Clustering and Halo Abundances in Early Dark Energy Cosmological Models
Anatoly Klypin, Vivian Poulin, Francisco Prada, Joel Primack, Marc, Kamionkowski, Vladimir Avila-Reese, Aldo Rodriguez-Puebla, Peter Behroozi,, Doug Hellinger, Tristan L. Smith

TL;DR
This paper compares early dark energy cosmological models with standard models, analyzing their effects on structure formation and observational signatures, highlighting differences at high redshifts and potential tests with upcoming surveys.
Contribution
It provides the first detailed comparison of linear and nonlinear predictions of EDE and LCDM models, especially on halo abundances and clustering at various redshifts.
Findings
Nonlinear evolution reduces differences in low-redshift power spectra.
EDE predicts significantly more high-redshift galaxy-mass halos.

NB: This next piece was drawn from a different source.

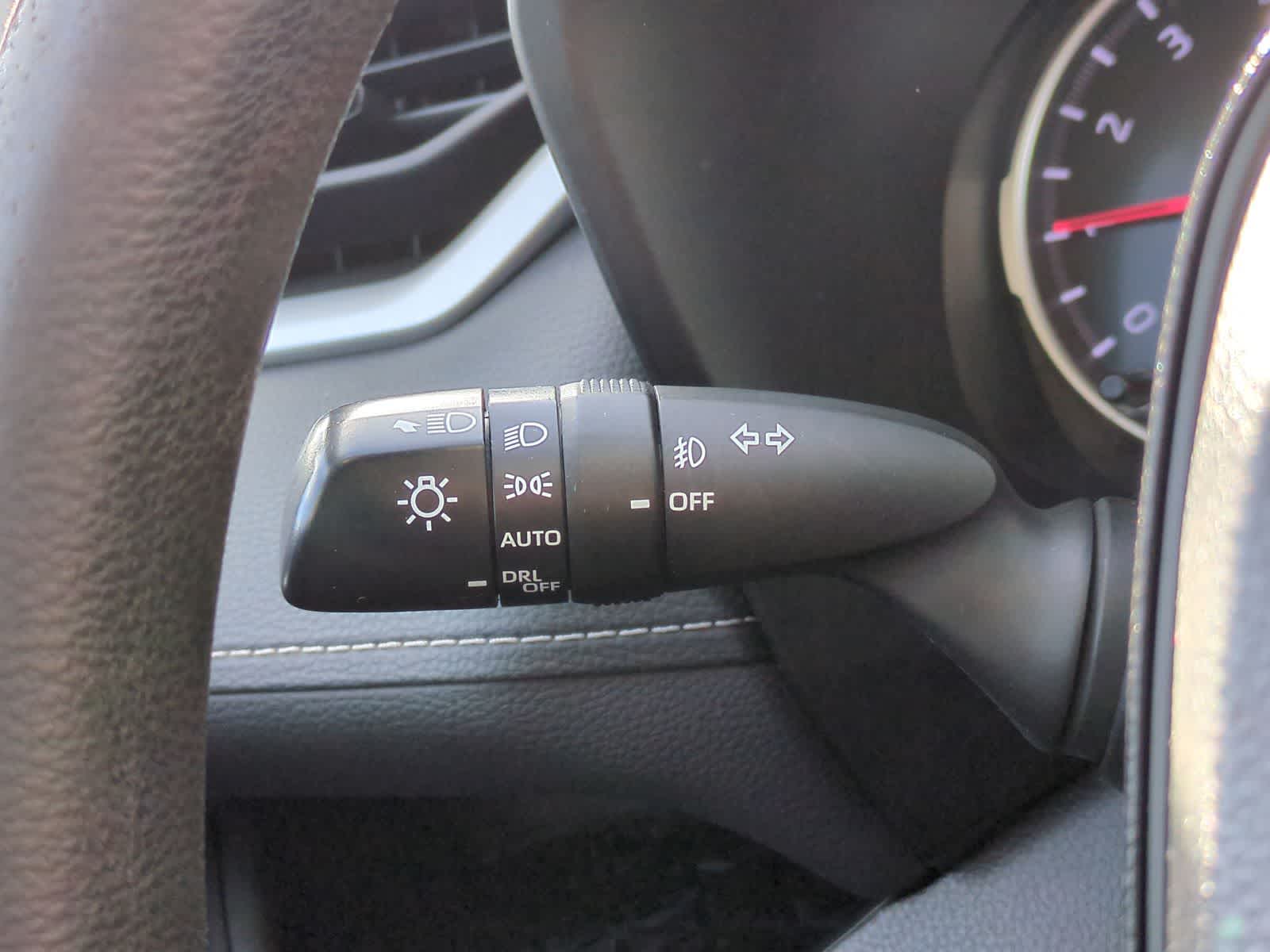 Thumbnail: 2020 Toyota RAV4 - 27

BAO positions differ by about 2% between models.
Abstract
LCDM cosmological models with Early Dark Energy (EDE) have been proposed to resolve tensions between the Hubble constant H0 = 100h km/s/Mpc measured locally, giving h ~ 0.73, and H0 deduced from Planck cosmic microwave background (CMB) and other early universe measurements plus LCDM, giving h ~ 0.67. EDE models do this by adding a scalar field that temporarily adds dark energy equal to about 10% of the cosmological energy density at the end of the radiation-dominated era at redshift z ~ 3500. Here we compare linear and nonlinear predictions of a Planck-normalized LCDM model including EDE giving h = 0.728 with those of standard Planck-normalized LCDM with h = 0.678. We find that nonlinear evolution reduces the differences between power spectra of fluctuations at low redshifts. As a result, at z = 0 the halo mass functions on galactic scales are nearly the same, with differences only…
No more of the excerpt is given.